Freedom Beast is the alias of Dominic Mndawe, a fictional comic book character in the DC Universe.

Fictional character biography
Freedom Beast was born Dominic Mndawe in South Africa. His first appearance was in Animal Man #13 which occurs during the rule of apartheid in South Africa. Dominic was under arrest for taking pictures of racially motivated acts of violence being committed by white Afrikaner policemen. In a cell, Dominic was about to be killed by his captors when he is rescued by Animal Man and B'wana Beast (Mike Maxwell), Mndawe's predecessor and future mentor.

After the rescue, Maxwell gives Mndawe the elixir and helmet that confer powers on their owner. The two briefly had a disagreement as Mndawe was adamant to continue his political resistance to the South African government and its policy of apartheid with while Maxwell was insistent that the calling is apolitical. However, they eventually reconciled on this point. Mndawe continued pursuing his political objectives which he justified with the personal maxim, "Today's politics is tomorrow's mythology".

His powers include mind control and the ability to fuse two or more animals into one hybrid beast under the control of Freedom Beast.

Animal Man and Freedom Beast then prevent the massacre of a group of peaceful demonstrators by Afrikaner police. Animal Man returns to the US, while Maxwell and Freedom Beast remain in South Africa.

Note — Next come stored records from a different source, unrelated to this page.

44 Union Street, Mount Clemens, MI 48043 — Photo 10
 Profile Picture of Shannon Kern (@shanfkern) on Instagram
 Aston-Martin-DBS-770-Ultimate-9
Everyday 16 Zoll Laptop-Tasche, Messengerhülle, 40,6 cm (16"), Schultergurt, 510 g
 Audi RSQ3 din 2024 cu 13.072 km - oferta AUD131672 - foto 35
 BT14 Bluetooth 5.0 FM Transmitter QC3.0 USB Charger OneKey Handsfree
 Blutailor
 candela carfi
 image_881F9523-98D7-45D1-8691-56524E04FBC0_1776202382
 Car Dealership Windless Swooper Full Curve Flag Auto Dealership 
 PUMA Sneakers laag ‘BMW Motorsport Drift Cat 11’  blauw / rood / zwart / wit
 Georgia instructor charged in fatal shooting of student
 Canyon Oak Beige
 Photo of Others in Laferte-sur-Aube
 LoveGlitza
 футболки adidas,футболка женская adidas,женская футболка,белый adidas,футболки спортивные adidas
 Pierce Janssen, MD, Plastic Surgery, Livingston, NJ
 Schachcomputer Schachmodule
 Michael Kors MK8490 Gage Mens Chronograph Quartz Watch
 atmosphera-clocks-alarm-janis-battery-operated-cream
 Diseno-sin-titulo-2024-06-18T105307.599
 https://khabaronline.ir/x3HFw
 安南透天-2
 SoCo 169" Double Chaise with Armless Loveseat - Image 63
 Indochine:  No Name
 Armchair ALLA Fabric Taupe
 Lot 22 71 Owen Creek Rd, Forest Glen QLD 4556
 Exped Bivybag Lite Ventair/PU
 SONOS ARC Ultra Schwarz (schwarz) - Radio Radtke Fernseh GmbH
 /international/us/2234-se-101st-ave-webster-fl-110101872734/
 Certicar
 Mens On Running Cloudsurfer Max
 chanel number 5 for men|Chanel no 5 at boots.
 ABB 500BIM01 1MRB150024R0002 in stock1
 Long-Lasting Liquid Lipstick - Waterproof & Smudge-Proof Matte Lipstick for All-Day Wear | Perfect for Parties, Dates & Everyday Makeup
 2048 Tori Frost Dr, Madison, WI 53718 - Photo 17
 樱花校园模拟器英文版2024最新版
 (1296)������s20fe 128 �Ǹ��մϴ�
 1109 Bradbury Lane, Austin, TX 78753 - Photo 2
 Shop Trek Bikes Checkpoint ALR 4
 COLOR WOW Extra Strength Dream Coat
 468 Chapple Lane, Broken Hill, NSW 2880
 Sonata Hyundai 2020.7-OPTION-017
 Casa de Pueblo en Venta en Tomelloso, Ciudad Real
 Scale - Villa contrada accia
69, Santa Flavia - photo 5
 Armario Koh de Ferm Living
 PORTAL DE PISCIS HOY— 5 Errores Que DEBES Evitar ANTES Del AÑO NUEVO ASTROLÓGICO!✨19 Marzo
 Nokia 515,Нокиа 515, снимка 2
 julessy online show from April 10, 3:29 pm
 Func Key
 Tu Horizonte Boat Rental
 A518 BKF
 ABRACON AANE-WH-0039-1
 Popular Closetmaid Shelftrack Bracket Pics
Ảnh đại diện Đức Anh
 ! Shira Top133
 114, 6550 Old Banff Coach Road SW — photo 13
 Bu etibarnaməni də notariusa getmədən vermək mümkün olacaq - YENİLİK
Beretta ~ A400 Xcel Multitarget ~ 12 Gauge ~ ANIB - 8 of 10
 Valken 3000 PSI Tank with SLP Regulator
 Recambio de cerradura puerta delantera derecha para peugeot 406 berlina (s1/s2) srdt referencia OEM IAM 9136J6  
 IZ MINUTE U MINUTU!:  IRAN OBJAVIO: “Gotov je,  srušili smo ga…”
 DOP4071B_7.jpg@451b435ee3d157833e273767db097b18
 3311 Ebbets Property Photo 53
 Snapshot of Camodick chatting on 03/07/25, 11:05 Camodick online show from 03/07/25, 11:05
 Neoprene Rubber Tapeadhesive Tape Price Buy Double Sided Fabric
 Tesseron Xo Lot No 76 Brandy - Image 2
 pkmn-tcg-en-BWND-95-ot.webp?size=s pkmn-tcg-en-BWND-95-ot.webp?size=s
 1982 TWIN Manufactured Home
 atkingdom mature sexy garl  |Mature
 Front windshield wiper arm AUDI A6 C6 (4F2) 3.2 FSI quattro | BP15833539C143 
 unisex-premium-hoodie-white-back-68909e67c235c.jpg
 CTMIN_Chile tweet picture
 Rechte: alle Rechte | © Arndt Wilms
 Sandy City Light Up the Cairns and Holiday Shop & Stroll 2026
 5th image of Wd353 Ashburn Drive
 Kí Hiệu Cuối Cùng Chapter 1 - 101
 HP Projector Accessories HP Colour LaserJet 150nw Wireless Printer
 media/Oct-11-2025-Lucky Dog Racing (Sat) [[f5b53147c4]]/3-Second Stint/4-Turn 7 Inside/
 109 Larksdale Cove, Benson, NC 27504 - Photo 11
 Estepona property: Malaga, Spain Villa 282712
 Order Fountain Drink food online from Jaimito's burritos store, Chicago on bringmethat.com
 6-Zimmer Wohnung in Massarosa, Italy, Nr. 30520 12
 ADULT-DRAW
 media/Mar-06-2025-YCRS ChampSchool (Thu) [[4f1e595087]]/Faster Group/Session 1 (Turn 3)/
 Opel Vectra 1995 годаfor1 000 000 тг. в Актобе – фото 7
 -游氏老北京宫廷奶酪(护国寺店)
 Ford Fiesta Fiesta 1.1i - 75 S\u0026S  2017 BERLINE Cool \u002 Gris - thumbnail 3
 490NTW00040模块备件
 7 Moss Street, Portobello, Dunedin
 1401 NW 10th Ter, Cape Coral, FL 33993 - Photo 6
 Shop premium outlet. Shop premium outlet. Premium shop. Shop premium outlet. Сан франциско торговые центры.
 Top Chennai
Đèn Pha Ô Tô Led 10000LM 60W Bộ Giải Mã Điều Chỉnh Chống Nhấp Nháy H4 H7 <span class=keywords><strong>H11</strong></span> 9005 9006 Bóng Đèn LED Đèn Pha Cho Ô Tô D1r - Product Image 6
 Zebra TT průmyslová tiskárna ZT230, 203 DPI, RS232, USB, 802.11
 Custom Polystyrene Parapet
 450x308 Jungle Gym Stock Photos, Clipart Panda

Mike Maxwell returns in Animal Man #47 (May 1992). He was being controlled by an evil force,  the Antagon, and transformed into the Shining Man. He perishes in the ensuing battle.

Animal Man and Dominic team up once again during the Day of Judgement incident, protecting African wildlife from the murderous intentions of demon invaders.

Further appearances

Freedom Beast appears in the Day of Vengeance Infinite Crisis Special, in which he was possessed by Rage, one of the Seven Deadly Sins. He is also seen at the gathering of mystics at Stonehenge in Infinite Crisis #6.

Freedom Beast reappeared as South Africa's representative in the reformed Global Guardians in Green Lantern v4 #11 and 14–17. He and his teammates were brainwashed by the Faceless Hunter and used as weapons against Green Lantern (Hal Jordan). The Global Guardians were eventually freed, and Freedom Beast returned with them in Checkmate v2 #24 and #29–31.

In Final Crisis #4, Freedom Beast was seen fighting off a controlled Gorilla Grodd on Watchtower 4 in Gorilla City.

In Justice League: Cry for Justice #1, Freedom Beast is killed by minions of Prometheus. Dominic's partner Congorilla discovers his dying friend and vows to find justice for his murder. Prometheus is subsequently killed by Green Arrow in issue #7 of the same series.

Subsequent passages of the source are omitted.